What you will do. Could you repeat the listing exactly, leaving out the pictures?

Provided material.
▼
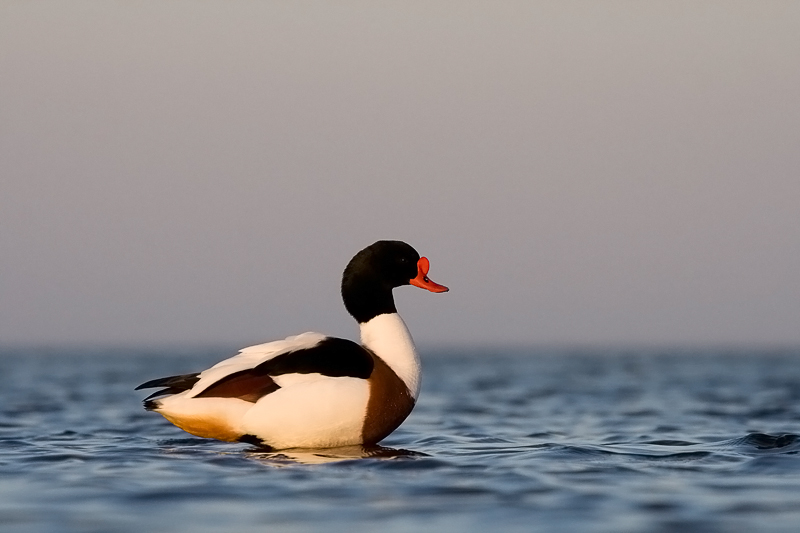 2011-04-17 1 (Ainar Unus)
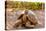 Land Tortoise on Epanola Island, Galapagos Islands, Ecuador, South America-Laura Grier-Premier Image Canvas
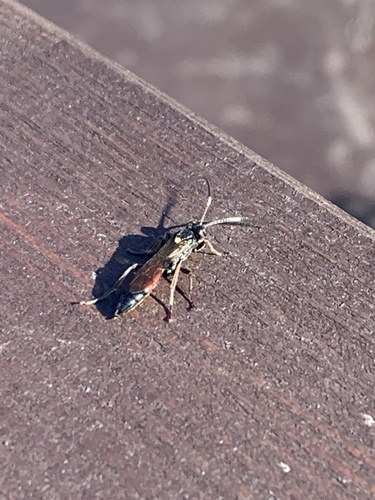 Ulesta perspicua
▲
Expected output.
 2011-04-17 1 (Ainar Unus)
 Land Tortoise on Epanola Island, Galapagos Islands, Ecuador, South America-Laura Grier-Premier Image Canvas
 Ulesta perspicua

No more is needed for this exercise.